Vue Fes Japan 2023 After Meetupを開催しました!

この画像は「Vue Fes Japan 2023 After Meetup」というイベントのバナーです。

MedPeerの開発をしている栗崎 (Ryohei Kurisaki (@0ryo0ryo) / X )です。

11月7日(火)に弊社オフィスにて、MNTSQ株式会社、株式会社hacomonoと3社合同でVue Fes Japan 2023 After Meetup を開催しました。

5年ぶりのオフライン開催となった Vue Fes Japan 2023の感想や思い出を語り合いました。

セッションのハイライト

メインセッション

Vue Fes Japan 2023のオーガナイザーであるkazuponさんによる 「Vue & Vite Rustify」のお話でした。

まずはViteの現状の課題についてお話されていました。

  • productionビルドが遅い
  • dev環境とproduction環境のbundleの一貫性がない

※ dev環境はesbuild, production環境はRollup

ViteはRollup互換のAPIを使用したRust製バンドラーRolldown*1をbytedance社のRspackチームと協力して開発を進めているそうです。

kazuponさんからはRolldownの構造についての解説や、webpackと比較したパフォーマンスの向上について話がありました。

また、Rust製のツールOXC について紹介されていました。

OXCはbytedance社のweb-infra-dev チームにより作成され、JavaScript、TypeScript向けのツールチェインになります。

Playgroundを始め、VSCodeの拡張機能も存在するそうです。

さらに、APIの提供もされており、今後もコミュニティとコラボし、より開発が進んでいくということでした。

終盤には、VSCode リポジトリを例にOXCを使ったLinterのが実行のデモされていました。

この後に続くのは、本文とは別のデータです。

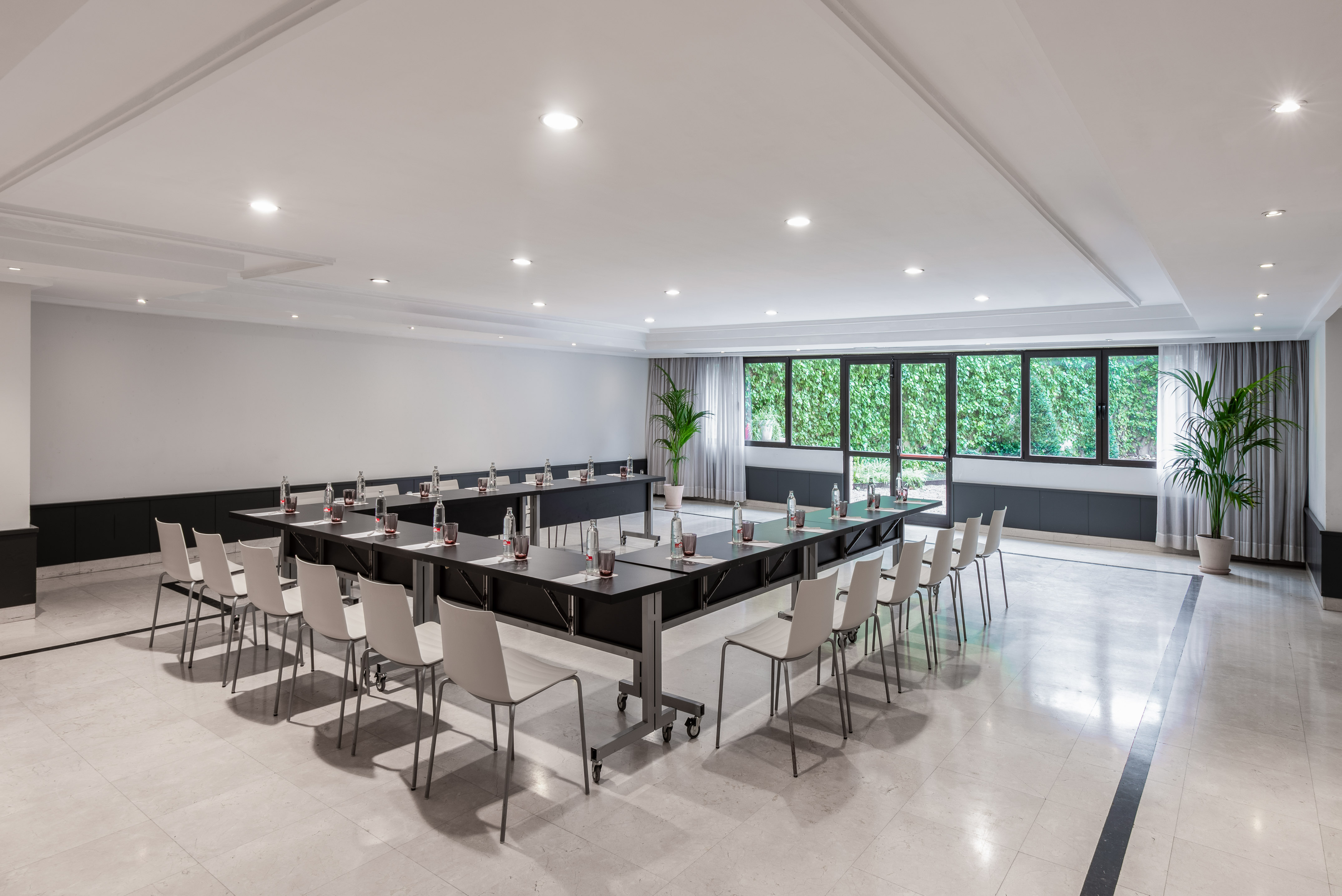 U-shape conference room with tables, chairs, and bright windows.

一瞬すぎて何が起きたのかわからない速さでLinterの実行が終わりびっくりしました!!

GitHubのREADMEにも記載があったので、私も手元でVSCodeリポジトリをcloneしLinterの実行をしてみました。 github.com

 $ npx oxlint@latest .

をディレクトリで実行すると、以下のような結果になりました。

Finished in 1.6s on 4560 files with 64 rules using 8 threads.
Found 1609 warnings and 0 error

1、2秒弱でリポジトリ内全てのソースコードの解析が終わりました(すごい!!)

ご紹介のあった、Rolldown、OXCを始め、すでに存在するvue-compiler等Rustを利用したツールが増えてきており、Rustの波がやってきているのを実感できました。

さらにエコシステムが強化され今後が楽しみだなと感じました。

LTの様子

「Vue Fes Japan を振り返る」 

トップバッターは弊社メドピアの岡澤さんの発表です。

Vue.jsクリニック*2で公開されていた質問とエキスパートの回答を聞き、過去のコンポーネント設計を振り返り、現在の考えをお話しされていました。

過去の失敗からの教訓

  • Pagesコンポーネントから書き始める
  • ファイル分割しすぎない
  • 共通処理以外は外部ファイルにしない

個人的にはコンポーネント設計に悩ましく同様の課題を感じていたため、岡澤さんの発表、Vue.jsクリニックでのエキスパートの回答のように、まずはシンプルに始め、リファクタリングしやすい小さいコンポーネントを作ることを意識したいなと思いました。

「UI フレームワークから始めるアクセシビリティ」

speakerdeck.com

続いては、MNTSQ株式会社の中島晃さんの発表でした。

Vue Fes Japan 2023での以下の2つのセッションを聞き、自身の関わるプロダクトに関するアクセシビリティの向き合い方についてお話しされていました。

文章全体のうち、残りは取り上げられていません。